BEGIN DATA RECORDS

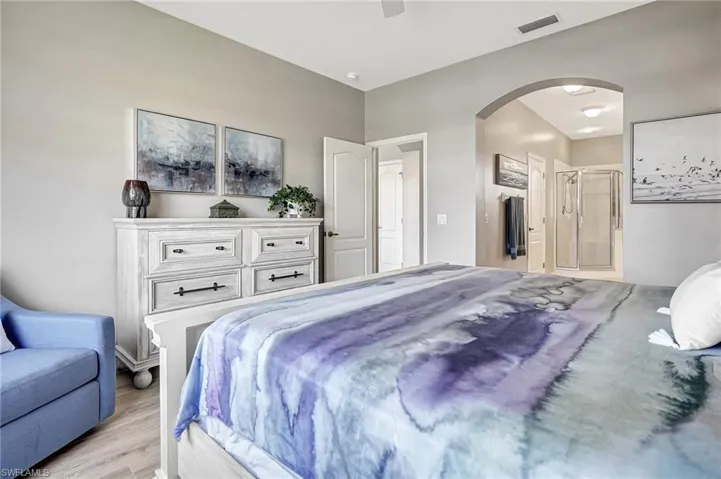 Bedroom with ceiling fan and light wood-type flooring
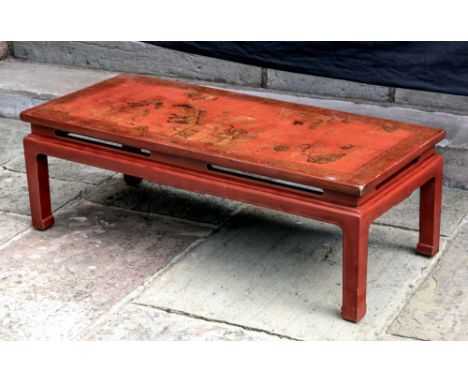 A Chinese style red japanned rectangular low table, late 19th / early 20th century, the top decorated in black and gilt with 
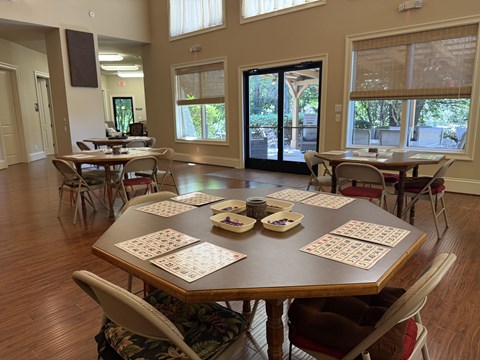 A dining room with a large table set for a game of dominoes.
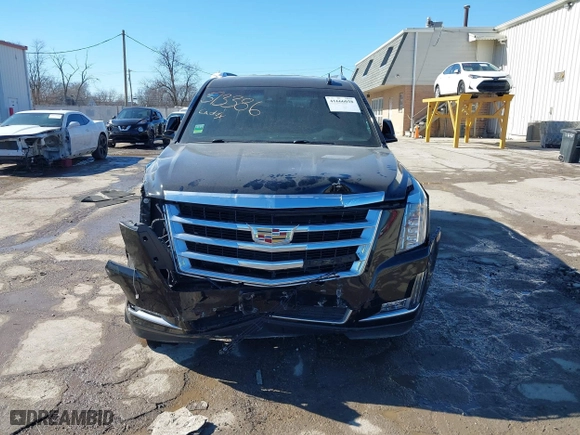 2017 Cadillac Escalade Premium Luxury with VIN 1GYS4CKJXHR133970, listed as a IAAI auction lot 41666038 with 100,269 mi miles. Bid and sale history available at carsss.com. Image 12.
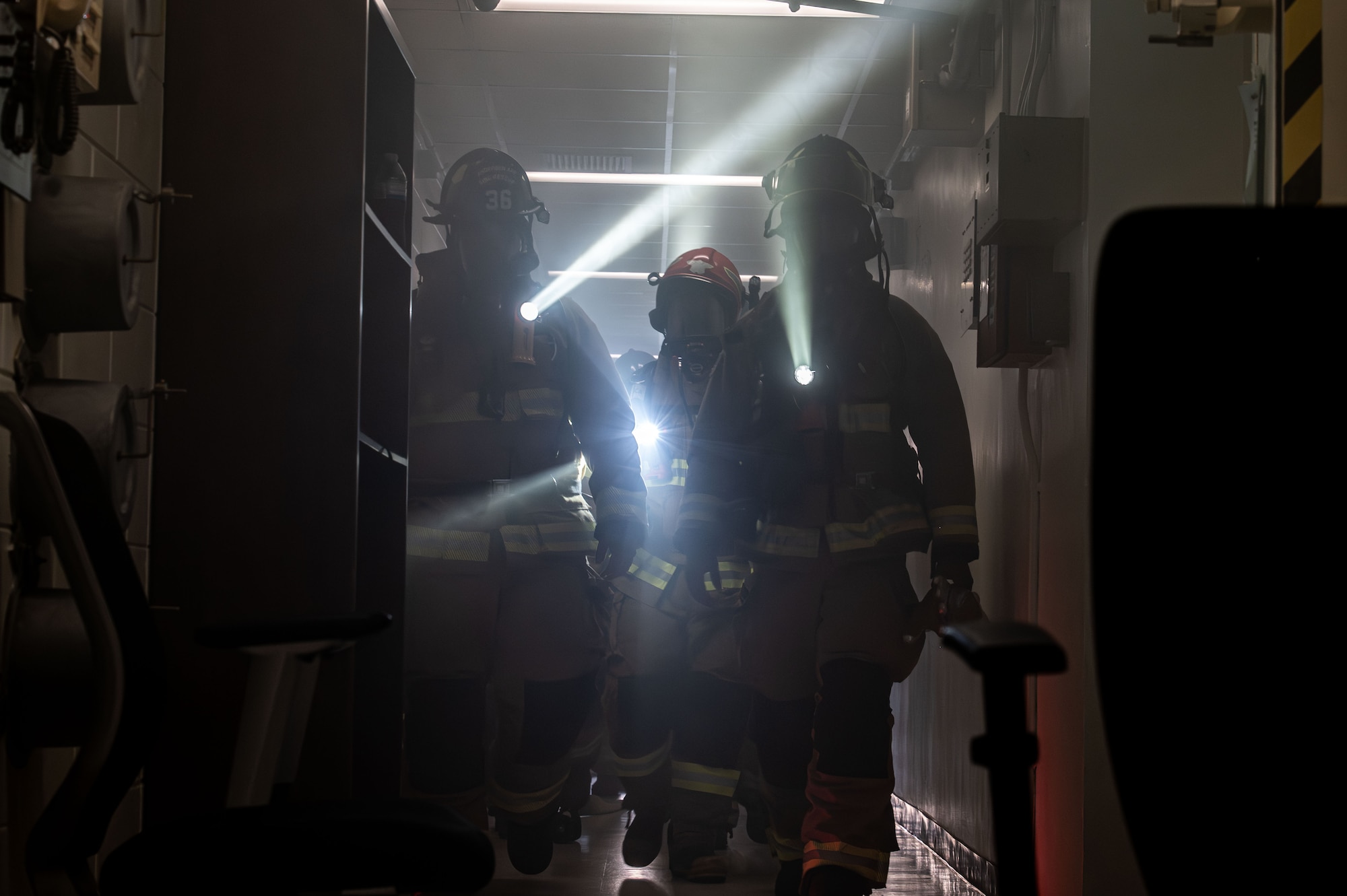 A group of firefighters walk through a building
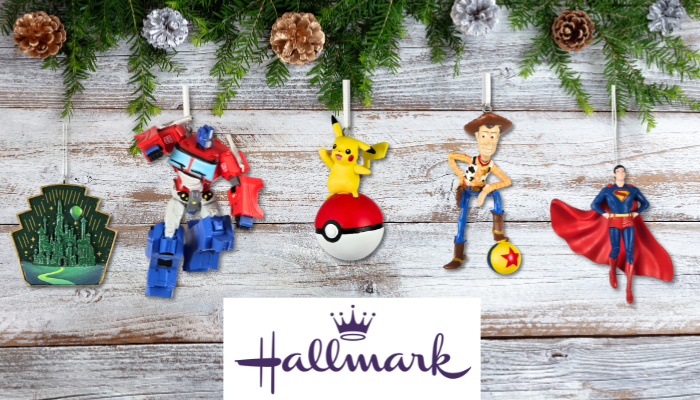 Assorted Hallmark Christmas ornaments including the Emerald City, Optimus Prime, Pikachu, Woody, and Superman hanging on a festive evergreen background with pinecones and the Hallmark logo below.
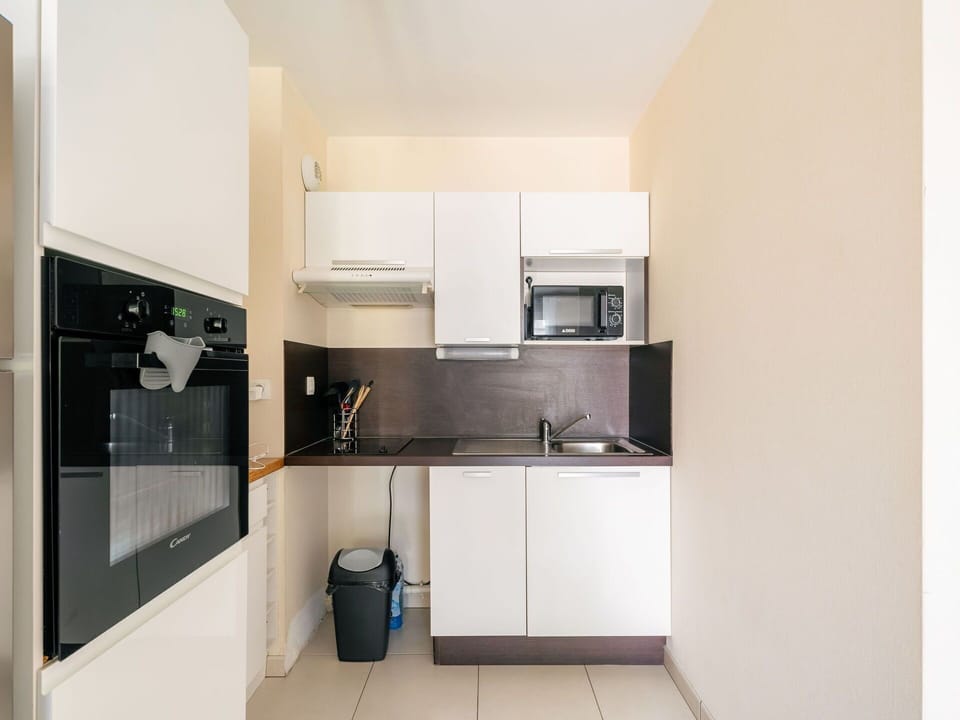 Cabinetry, Countertop, Kitchen Stove, Kitchen Appliance, Building, Home Appliance, Kitchen, Sink, Floor, Flooring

END DATA RECORDS

● **EXERCISE REQUIREMENTS**: Return only the line with "Assorted Hallmark Christmas" and the lines after it up to the end of the records, exact and free of pictures.

● **OUTPUT BELOW**:
 Assorted Hallmark Christmas ornaments including the Emerald City, Optimus Prime, Pikachu, Woody, and Superman hanging on a festive evergreen background with pinecones and the Hallmark logo below.
 Cabinetry, Countertop, Kitchen Stove, Kitchen Appliance, Building, Home Appliance, Kitchen, Sink, Floor, Flooring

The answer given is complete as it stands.